Lena sat on the rear seat. I got up, moved back there again, and plopped down next to her. She immediately began laughing and picking at me. We were glad to see each other.
Again, the driver saw me and slammed on the  brakes. “What did I just tell you?”he demanded. “ Get back up here with your mother!”
“Naw, I ain't,” I said .”I'm sitting with Lena.”
The driver was furious now, spit was flying when he shouted. He told my mother if she didn't make me move, he'd move me himself.  When I didn't jump, the driver got up and stomped back to where Lena and I were sitting. I can remember his big potbelly coming at us like a huge cannonball.
“Aw, mister,” Lena pleaded. “He's just a baby -- he ain't hurting nothing”

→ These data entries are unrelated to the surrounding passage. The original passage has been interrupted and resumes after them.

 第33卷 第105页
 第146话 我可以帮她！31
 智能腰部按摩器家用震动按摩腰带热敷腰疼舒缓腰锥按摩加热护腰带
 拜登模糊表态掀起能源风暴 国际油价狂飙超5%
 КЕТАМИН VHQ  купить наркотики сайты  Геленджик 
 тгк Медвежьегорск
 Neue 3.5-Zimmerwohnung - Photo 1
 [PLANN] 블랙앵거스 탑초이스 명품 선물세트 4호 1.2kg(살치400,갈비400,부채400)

I won't repeat what he called Lena. It goes without saying. He told her to shut her mouth.
My mother could be stubborn, but she knew better than to argue with a fool who was totally out of control. She made me get up.

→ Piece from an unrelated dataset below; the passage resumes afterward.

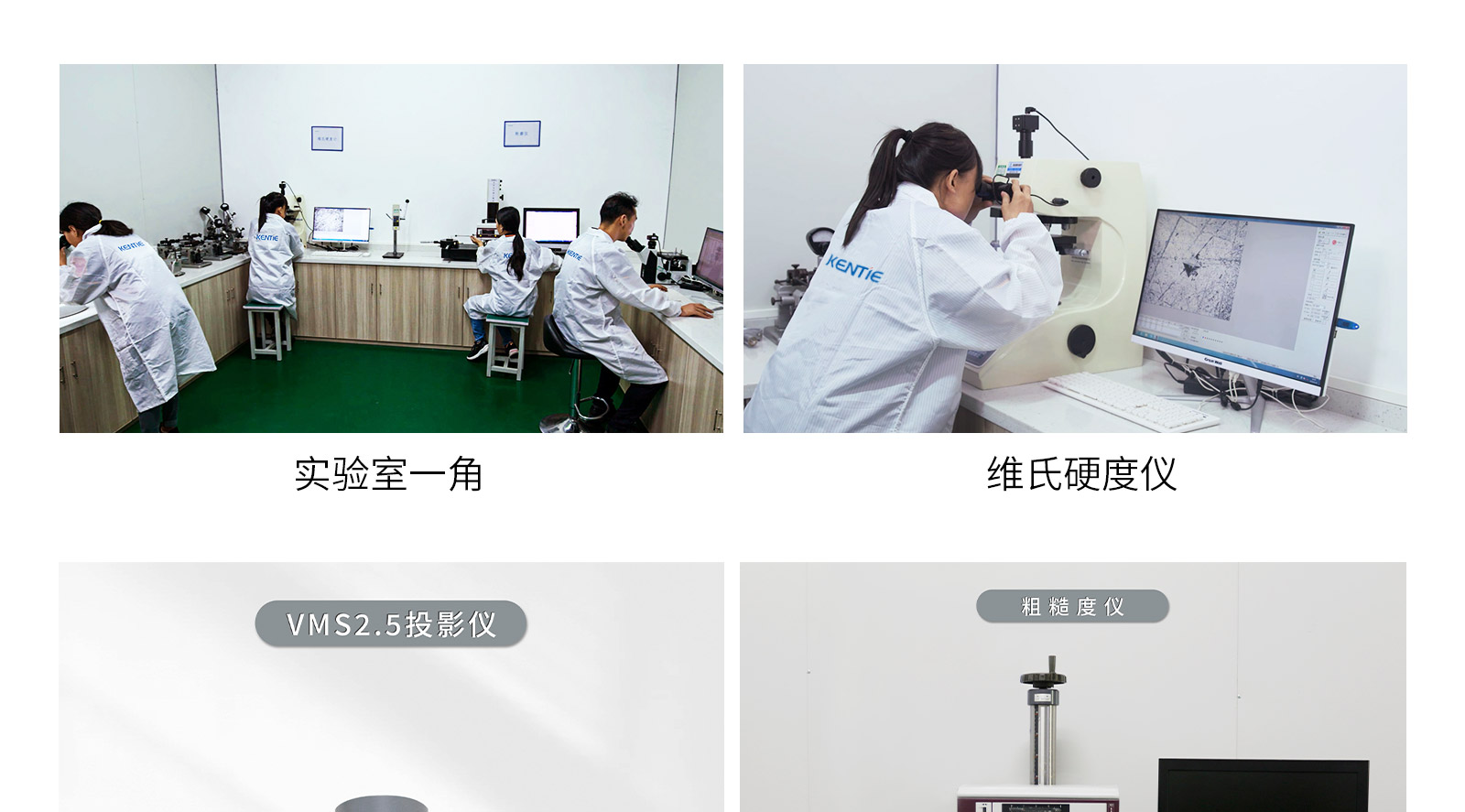 產(chǎn)品公共詳情頁6_12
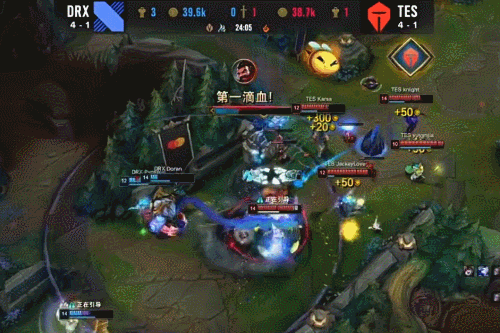 才队的比赛 才队的比赛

There was a cord running the length of the bus that passengers could pull if they wanted to get off  between stops. I had pulled this cord often, to hear the bell and, mainly, to annoy the drivers who would get red-faced after nobody got off when they stopped the bus. With a full bus, the driver had no idea who had pulled the cord. It was fun.

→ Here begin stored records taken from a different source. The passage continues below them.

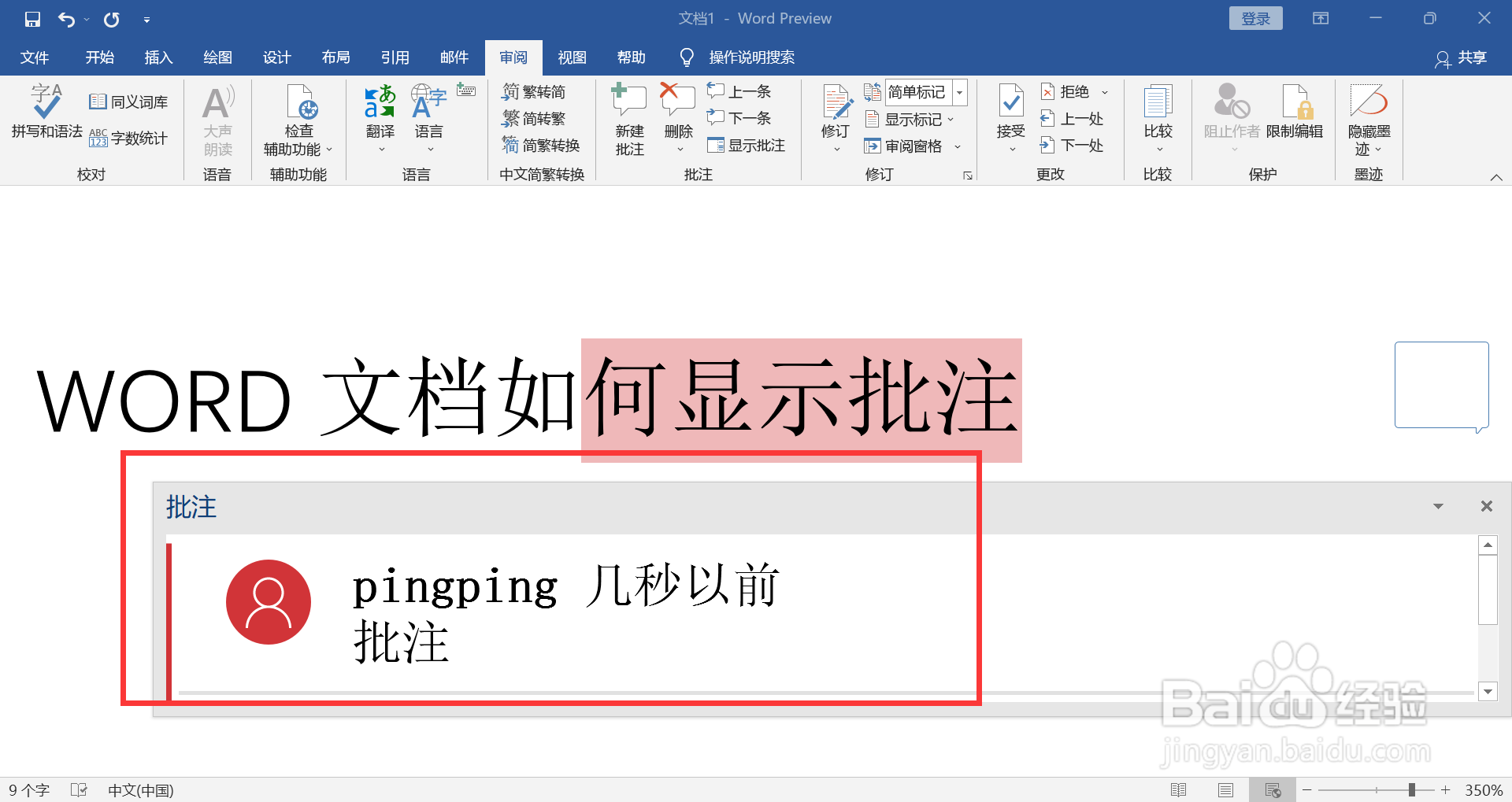 WORD文档如何显示批注信息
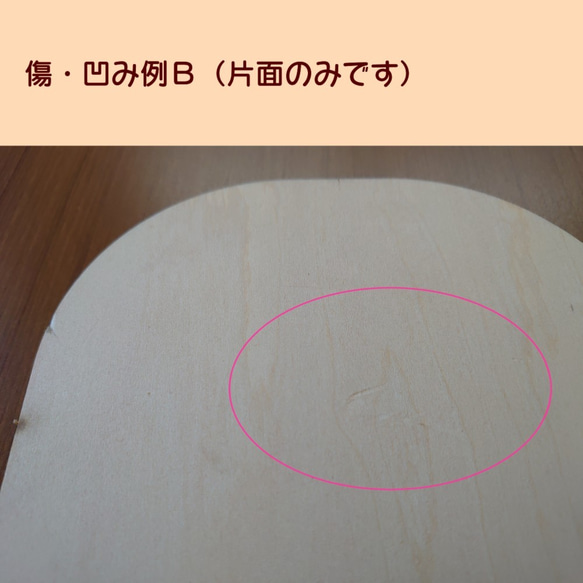 合板：（約）150ｍｍ角　　角丸　厚み18ｍｍ（3枚セット） 4枚目の画像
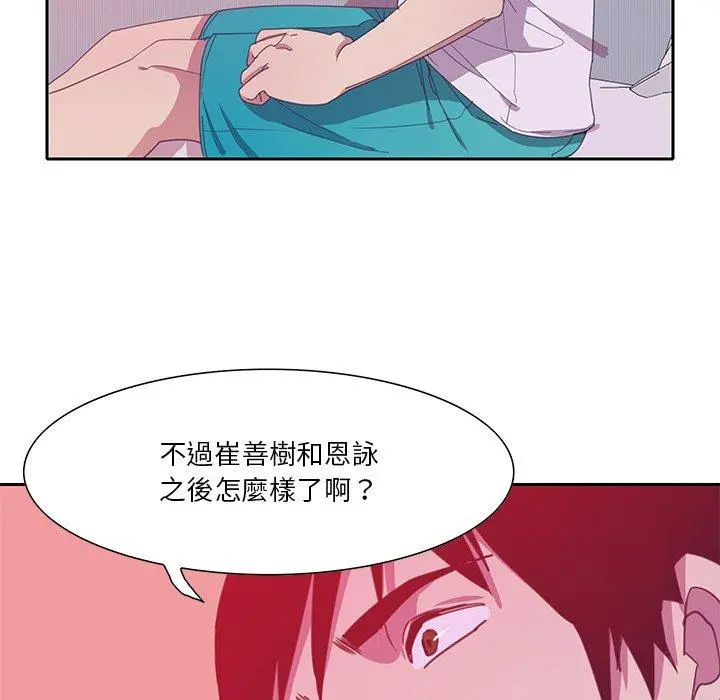恶母传 第11话 第35页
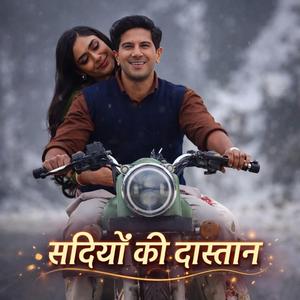 Sadiyo ki Dastan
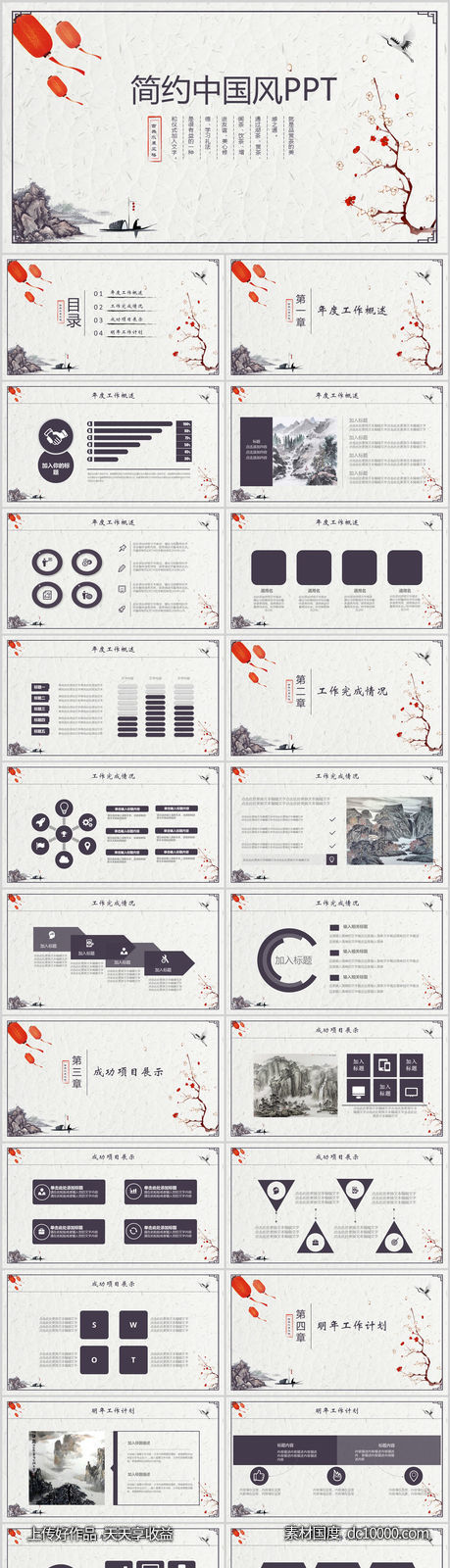 中国风古风PPT模板-源文件-素材国度dc10000.com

On this landmark day, sitting on the seat behind my mother,  I pulled the cord in anger, for payback. Too late I realized that I had put my head on the chopping clock. There was no one on the bus but my mother, Lena and me. It was obvious who rang the bell, even to that moron driving the bus.
Stopping the bus again for the last time, the driver turned and glared. He looked mad enough to run through a brick wall. It didn't help when my mother giggled. (A nervous habit of hers.)
The driver kicked us off the bus, including Lena. He left us five miles from home with three large sacks of groceries. Luckily, a family friend lived across  the road from where we were jettisoned. Lena and I sat on the steps while Mother went inside and called my daddy to come and get us. He was at work and had our old jalopy with him.
My daddy, a small, twitchy man, could be as comical as Barney Fife when he got worked up. He was really exercised by the driver's actions, and made all kinds of vile threats and fist shakings as we rode home.
Lena produced a small bag of roasted peanuts from her pocket. She and I sat in the back seat, rolling  down Highway 29 eating the goobers and tossing the  hulls out of the window. She made no comment. If she was angry, she didn't show it.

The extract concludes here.